Located a block or so away from Thai Garden on one side and Trieu Chau on the other, Cheng Heng is a much larger restaurant than we were expecting or it appears to be from the outside. There’s a small parking lot to the left and street parking in front. You enter through an unassuming glass door to find yourself in a large’ish foyer with two decent-sized dining rooms on either side. The ambience is largely functional: there’re some Cambodian signifiers in the entryway and on the walls but that’s as far as it goes. It’s a bright space though with tables nicely spaced. Importantly, the food is very tasty.
As I don’t know very much about Cambodian cuisine I enlisted the help of the internets and friends who’ve travelled in Cambodia and discovered that what I had suspected is probably true: that Cambodian food is in a continuum with Vietnamese, Hmong and Thai food. It makes complete sense that this should be true: cultural flows rarely respect relatively recent, artificial national boundaries. And given the demographics of the broader South East Asian community in St. Paul—our server told me that they only get an appreciable Cambodian crowd on weekends—there’s also pho and such like on the menu. The Cambodian menu at Cheng Heng is extensive, however, and if you haven’t done any “research” to try to gauge which those dishes are and what they’re like, the friendly servers are only too happy to explain and offer guidance. (The menu also has pictures.)

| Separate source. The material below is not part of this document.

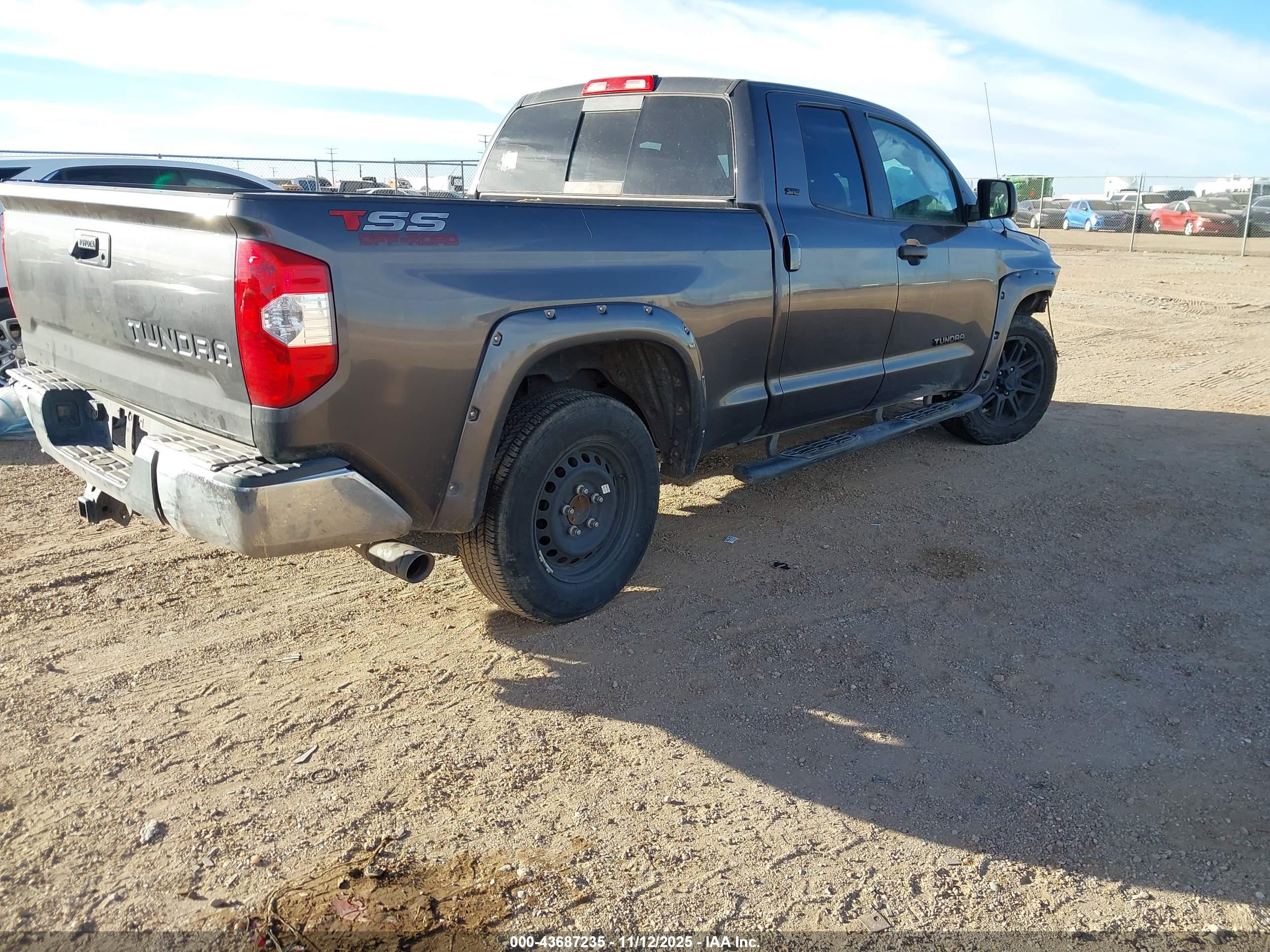 TOYOTA TUNDRA image 4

We were a large group: our usual group plus three more made up a table of 11 (nine adults and our brats). Well, it was two tables pushed together. We ordered a fair bit of food and devoured it all. I think I speak for the group when I say that we liked everything a lot. There was only one thing that didn’t make too much of an impression on me but others in the group liked it more. I am certainly in no position to opine on the authenticity of the flavours here but the cooking was good. To see what we ate, launch the slideshow below. Scroll down to see how much all this cost plus comments on service etc.
My favourite dishes were the pork skin and tripe salads, the ho-mok, the machu Angkor and the fried rice with pahok ktiss sauce. But really there was nothing I did not like. By the way, the salads—which were not identical in flavour—were the only dishes with appreciable heat (and I’d asked for things that were meant to be spicy to be made spicy). The only things that evoked ambivalence were the bubble teas.
All in all, we got a lot of food: two orders of the chive dumplings, three salads, two stir-fries, two rice dishes, two orders of the ho-mok, and three more large soup/curry dishes. Plus five young coconuts, two bubble teas and a Sprite. All of this with tax and a very generous tip came out to just above $21/head. Frankly, I think they should charge more. This is not something that is in great supply in our area and our meal here was superior to our meals at Thai Cafe and Thai Garden—both of which we’d enjoyed as well. Indeed, I look forward to coming back soon to try even more of the menu. If you haven’t been there yet either you should go too.
Okay, back to Los Angeles on Thursday for some sushi. My next Minnesota review will likely be of a non-South East Asian restaurant, though not one very far away from Cheng Heng.